Human Rights Committee report on bonus tax
21 December 2009
Parliament’s Joint Committee on Human Rights argues in a report published on 21 December, that it is unlikely that bankers affected by the tax on bonuses proposed in the Pre-Budget Report will be able to challenge it successfully under the Human Rights Act.
The Committee also concludes that as the new powers proposed in the Financial Services Bill to enable the Financial Services Authority to control pay packages so as to manage risk are not intended to apply to existing contracts, they also should not present any problems under the Human Rights Act.
The hurdle facing anyone challenging a tax proposal under the Human Rights Act or the European Convention is very high.
They must demonstrate that the measure is "devoid of reasonable foundation" or imposes an "excessive and individual burden which is disproportionate to the public good".
The Committee states that even on the basis of the summary justifications provided in the Pre-Budget Report, it would appear difficult to conclude that the measure is devoid of reasonable foundation.

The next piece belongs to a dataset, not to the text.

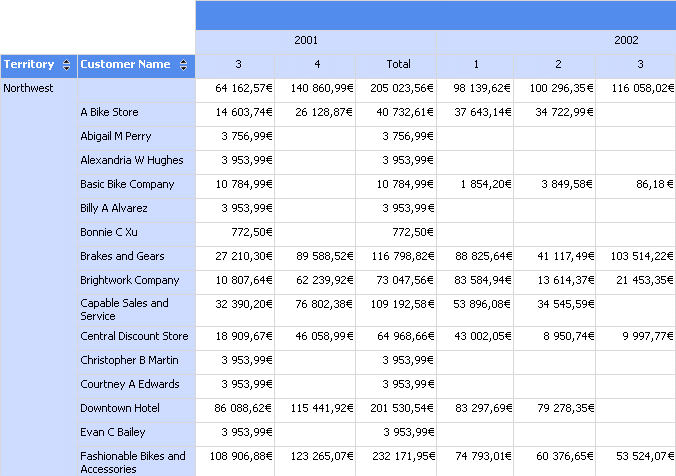 Rapport de matrice rendu avec des colonnes imbriquées.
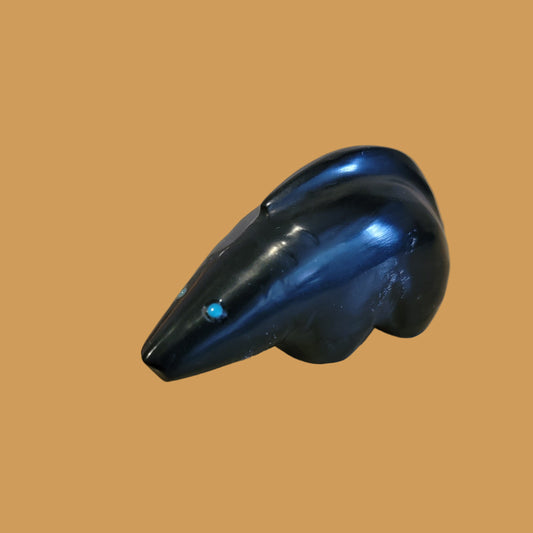 Black Jet Mole w/ Pink Mussel Shell Soles Zuni Fetish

The reasons given by the Committee are:
- the bonus tax is likely to raise an estimated £0.55billion
- it is part of a package designed to address excessive risk-taking in the banking industry and to require banks to consider the soundness of their capital base
- it is directed at banks rather than individual bankers
- it is intended to be a one-off tax, in place only until the more systemic reforms in the Financial Services Bill come into force
Andrew Dismore MP, Chairman of the Human Rights Committee, said:
"Some people have tried to suggest that the tax on bankers’ bonuses announced in the Pre-Budget Report would infringe their human rights.
"Having looked at the proposals we believe this is highly unlikely.
"The measure is clearly justified in the Pre-Budget Report and it’s hardly the case that the recipients of these bonuses will be able to show they are experiencing an excessive burden of financial hardship as a consequence of the tax."